Alvar Aalto wordt gevierd.
De Finse bouwmeester Alvar Aalto werd precies honderd jaar geleden geboren, wat internationaal passend wordt herdacht met grootscheepse retrospectieves van zijn werk. Het Museum of Modern Art in New York beet de spits af met de meest volledige verzameling van tekeningen, ontwerpen, schaalmodellen en archieffoto’s ooit samengebracht van vijfenveertig gebouwen en projecten uit een carrière die meer dan een halve eeuw beslaat. De expositie in het MOMA reist eind deze zomer naar Mantua, Italië, maar dichter bij huis pakt ook het Nederlandse Architectuurinstituut in Rotterdam uit met een overzichtstentoonstelling, te bezoeken van 15 mei tot en met 16 augustus.
Na een neoclassicistische valse start, vond Aalto zijn karakteristieke stijl in een functionalistische “witte” periode, waarvan het uitgestrekte tuberculosesanatorium in Paimio (1929-1933) een vroeg hoogetepunt is.

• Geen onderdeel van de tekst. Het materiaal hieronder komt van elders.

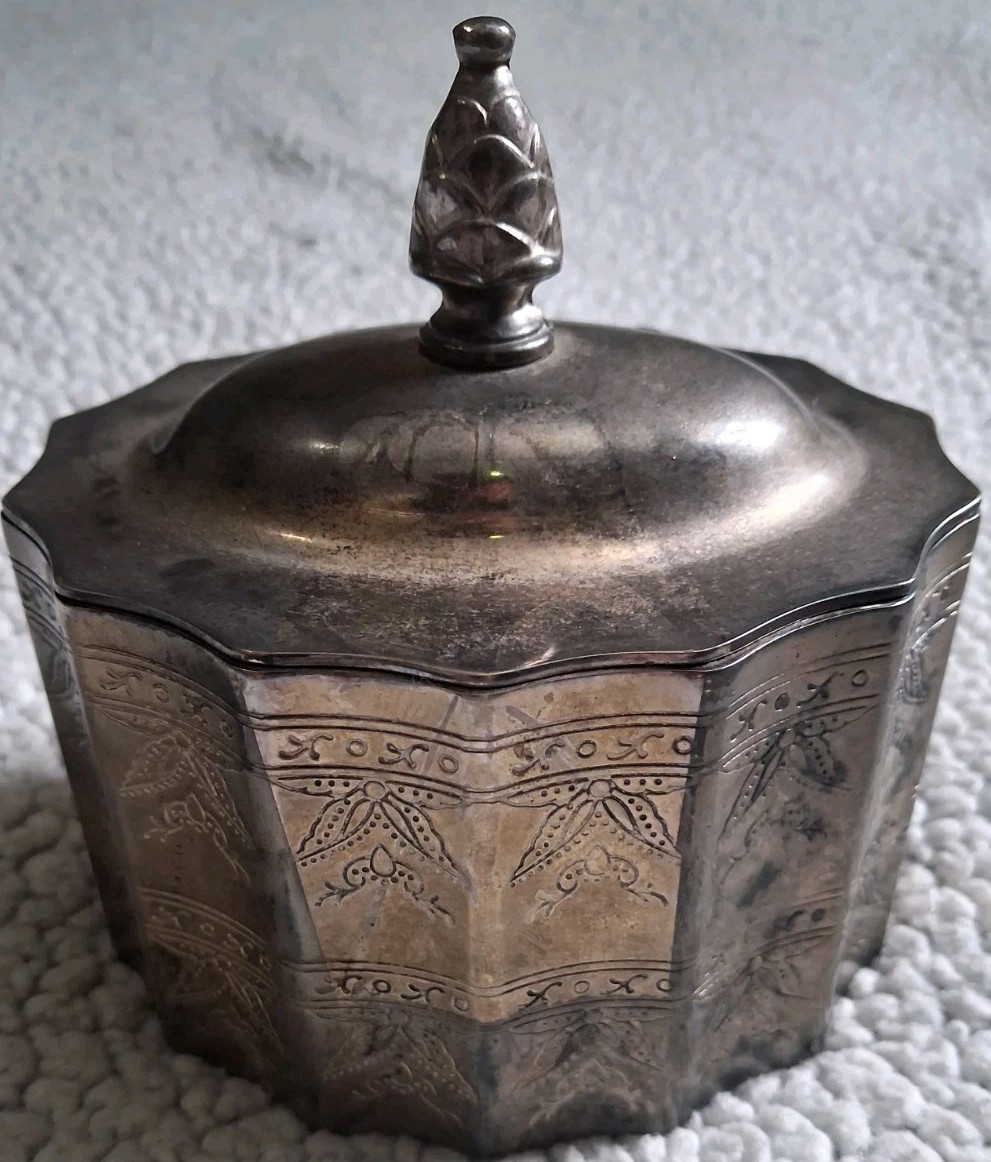 Godinger Silverplate Octagonal Lidded Trinket Box, Red Velvet Lined Godinger Silverplate Octagonal Lidded Trinket Box, Red Velvet Lined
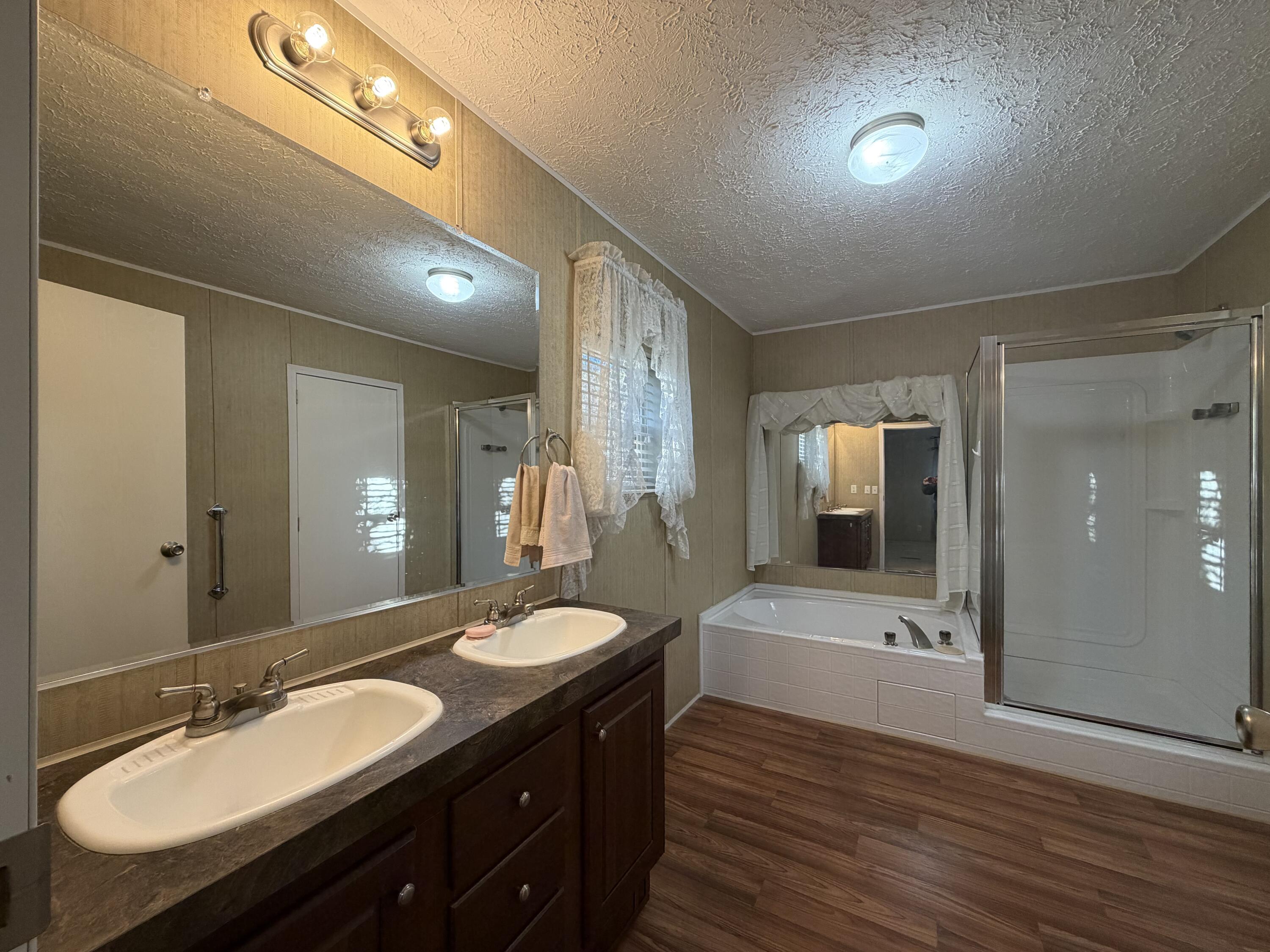 1759 N Highway 413 Property Photo 32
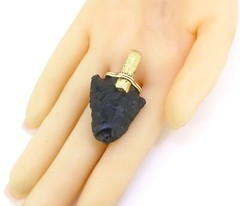 .Vintage 14ct Yellow Gold Handmade Black Obsidian Arrowhead Pendant 11.4g
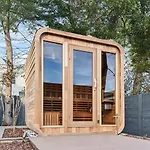 Luxury Spa Retreat Sauna, Hot Tub & Fire Pit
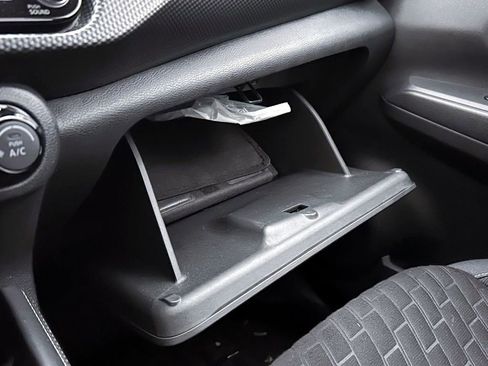 Certified 2022 Nissan Kicks SV image 32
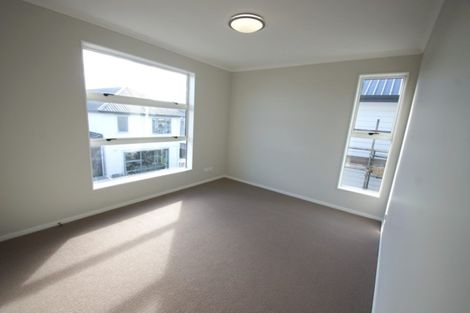 Photo of property in 10 Vincent Lane, Hobsonville, Auckland, 0616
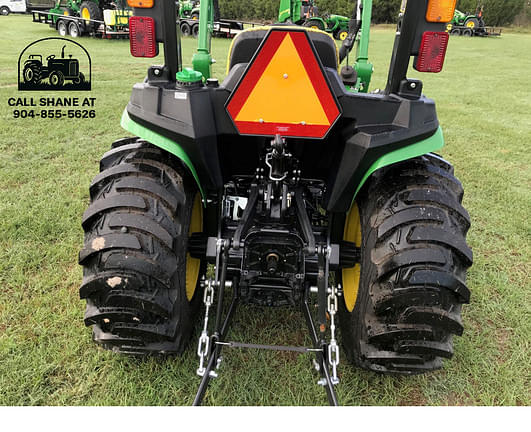Image of John Deere 3025E equipment image 2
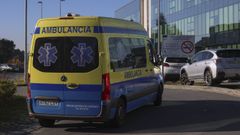 Imagen de archivo de una ambulancia llegando al Hospital Cl�nico de Santiago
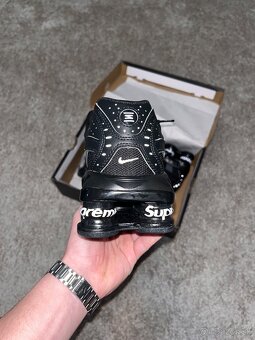 Supreme nike shox - 3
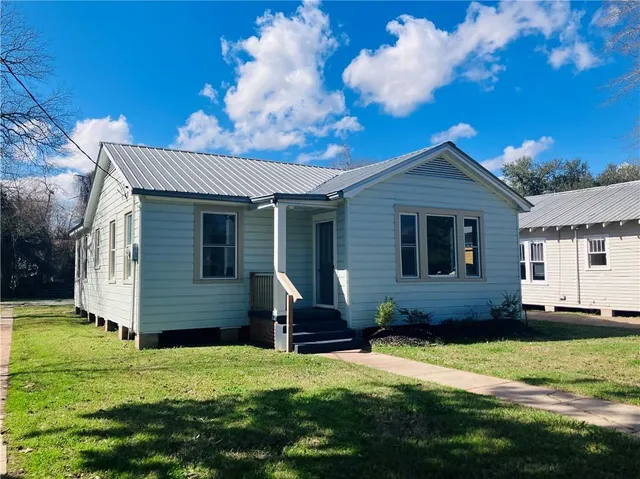 $105,000 | 604 South Holly Street, Bunkie, LA 71322
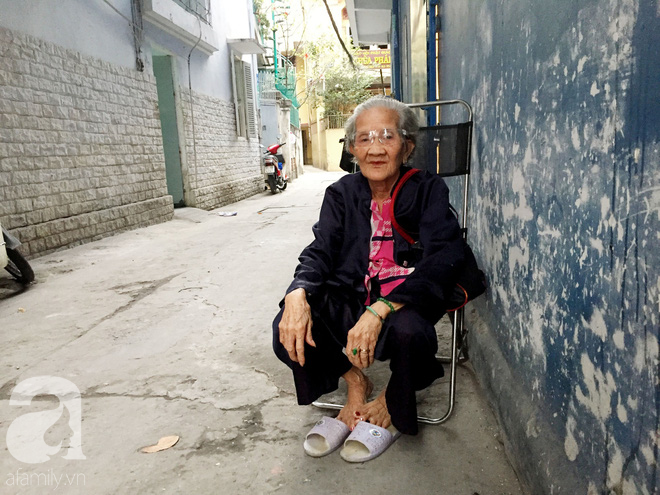 Xe bánh mì ngon nức tiếng Sài Gòn của bà Tư Trầu: 60 năm tuổi đời vẫn làm mê lòng những thực khách sành ăn - Ảnh 1.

Zijn landhuis op het eiland Muuratsalo luidt eind van de jaren vijftig een tweede witte periode in die doorgezet wordt tot in zijn laatste voltooide werk, de Finlandia Hall, een concertzaal in Helsinki, waarin de in 1976 gestorven architect zich een meester toont in de plastische vormgeving.
Daartussenin krijgen we zijn naoorlogse “rode” periode, zo genoemd voor de toepassing van de intens gekleurde baksteen. Met zijn bescheiden materiaalkeuze (rode baksteen en hout) gaf Aalto een unieke, regionale interpretatie aan het orthodoxe modernisme, zoals hij de strakke vlakverdeling van de Internationale Stijl ook doorbrak door zijn gebruik van golvende lijnen en een complexere ruimtelijkheid. Organische menselijke vormen typeren ook zijn ontwerpen voor trapleuningen, lichtarmaturen, meubels en glazen vazen (een aantal klassieke stoelen, zetels en voorwerpen van Aalto worden overigens door designfirma’s opnieuw geproduceerd). Bovenal is er de wisselwerking van zijn gebouwen met de omgeving en omringende natuur, het Finse binnenland met zijn duizenden meren en wouden van berken en pijnbomen. Geen wonder dat Frank Lloyd Wright de ontwerper van het door een gelaagde golvende houten wand gedomineerde Finse paviljoen op de Wereldtentoonstelling van New York in 1938 een genie noemde.
“Between Humanism and Materialism” luidde het motto van de tentoonstelling in het MOMA. Want alhoewel Aalto ook experimentele privé-woningen bouwde, blijft hij vooral herinnerd voor zijn kerken, schouwburgen, raadhuizen, universiteitscampussen, bibliotheken en pensioeninstituten, alsook zijn basisplan voor de wederopbouw van Lapland na de oorlog: een architectuur op mensenmaat die ruimte, licht, orde, ritme en technische verfijning schenkt aan de meest diverse vormen van sociale interactie, dienstverlening en culturele activiteit.